Шмайсер сглотнул ком, потер виски ладонями, лицо искривила гримаса жуткой боли. Но вскоре стрелок-радист собрался с мыслями и очень тихо заговорил:

— Я не говорил вам, но мы с ней собирались повенчаться, жили ведь просто как муж с женой. Я с ее родителями поговорить успел, решали уже, как свадьбу справить. Они в Шемякино с ней жили, дом хороший, пятистенок..

Услышав название села, танкисты вздрогнули, разом побледнели и переглянулись. И было от чего так испугаться…

— Прошлый Первомай кокоревские партизаны там справили. Староста Машуров сразу донес, что моя Марина…

Шмайсер снова сглотнул, дернул кадыком, и тут же рванул воротник гимнастерки непослушными пальцами.

— Они с чекистами, в Шемякино и Тарасовке больше ста душ умертвили, стариков, женщин и детей не щадили!!! На седьмой день мы с боем отбили села, и я нашел свою Марину…
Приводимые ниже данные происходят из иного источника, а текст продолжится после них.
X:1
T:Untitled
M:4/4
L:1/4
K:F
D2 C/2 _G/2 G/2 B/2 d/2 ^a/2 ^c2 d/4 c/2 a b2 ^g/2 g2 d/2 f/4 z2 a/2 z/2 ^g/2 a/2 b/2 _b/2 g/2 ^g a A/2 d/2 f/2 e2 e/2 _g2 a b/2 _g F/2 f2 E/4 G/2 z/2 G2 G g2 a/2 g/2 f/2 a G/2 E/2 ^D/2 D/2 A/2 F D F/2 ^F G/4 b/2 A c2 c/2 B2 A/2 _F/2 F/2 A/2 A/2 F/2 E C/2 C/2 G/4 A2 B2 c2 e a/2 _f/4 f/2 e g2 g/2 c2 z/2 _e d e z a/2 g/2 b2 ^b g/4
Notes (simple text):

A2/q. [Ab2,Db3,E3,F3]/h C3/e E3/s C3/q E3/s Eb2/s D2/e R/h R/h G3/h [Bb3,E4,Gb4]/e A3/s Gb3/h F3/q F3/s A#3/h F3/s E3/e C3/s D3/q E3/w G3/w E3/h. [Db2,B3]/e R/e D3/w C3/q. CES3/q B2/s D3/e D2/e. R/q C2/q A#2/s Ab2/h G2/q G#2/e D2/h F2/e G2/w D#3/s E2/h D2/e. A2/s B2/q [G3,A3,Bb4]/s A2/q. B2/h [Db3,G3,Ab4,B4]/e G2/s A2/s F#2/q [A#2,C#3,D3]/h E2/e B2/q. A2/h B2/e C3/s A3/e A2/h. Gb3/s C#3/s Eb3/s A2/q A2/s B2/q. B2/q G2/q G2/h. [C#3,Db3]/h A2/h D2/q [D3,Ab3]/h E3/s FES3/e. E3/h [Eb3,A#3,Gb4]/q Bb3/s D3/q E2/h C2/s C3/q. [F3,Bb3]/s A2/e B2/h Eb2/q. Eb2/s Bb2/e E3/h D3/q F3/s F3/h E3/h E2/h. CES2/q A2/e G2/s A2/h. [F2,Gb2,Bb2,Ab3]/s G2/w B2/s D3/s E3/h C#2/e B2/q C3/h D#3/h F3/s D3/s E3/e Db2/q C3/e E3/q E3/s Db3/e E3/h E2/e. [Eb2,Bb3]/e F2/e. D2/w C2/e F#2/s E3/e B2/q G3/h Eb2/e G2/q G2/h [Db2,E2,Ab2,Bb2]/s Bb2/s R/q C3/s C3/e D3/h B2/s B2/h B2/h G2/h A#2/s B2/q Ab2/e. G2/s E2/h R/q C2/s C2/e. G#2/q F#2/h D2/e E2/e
Шмайсер заскрипел зубами, сжав до белизны костяшки кулаков. Гнев, боль, ярость и тоска плескались в его помертвевших глазах.

— Она на восьмом месяце в тягости была, мы дите ждали. Так они ее… А мальчонка наш до сих пор перед глазами стоит…

Страшно смотреть на здорового мужика, что носит в себе такую боль. И молча ее переносит. Если бы ругался, горькую заливал, во все тяжкие пошел, все ему было легче. А тут молчком, больше года…

— Вот после того я их и убивать пошел, чтоб ни одного гада в живых не осталось. И не косись на меня с укоризной, ваше высокоблагородие. В белых перчатках прожить хочешь, Семен Федотыч?

— А тебе от пролитой крови легче жить стало? — голос Фомина резанул хлыстом. — Ты можешь и обязан убивать чекистов, осназовцев, партийцев и прочих сволочей. Но ты не должен был в отместку жечь дома, убивать баб и стариков… Детишек нельзя трогать. Нет на них вины. Нет!!!

От его дикого и яростного крика дрогнули. Они впервые увидели, что их всегда спокойный и рассудительный Федотыч может так гневно взорваться.

— У римлян древних принцип был — разделяй и властвуй. Большевики только этим живут, и благодаря этому их сволочной режим существует. Они Тарасовку с Шемякино только для того вырезали, чтобы мы в ответ кровь в их селах лить стали. И вы купились на это, потянулись ненависть тешить. Но в ней нет жизни, нет! Что вышло — крестьяне звереют и лупят друг друга сейчас до остервенения, а коммунисты ладошки радостно потирают. В Гражданской войне они такое же творили! Еще хвалились изуверской жестокостью. Только не стали мы ответ такой же давать. Да меня, любого офицера или солдата генерал Каппель бы собственной рукой расстрелял, если хоть сотую долю того сделали, что вы в селах за последний год натворили!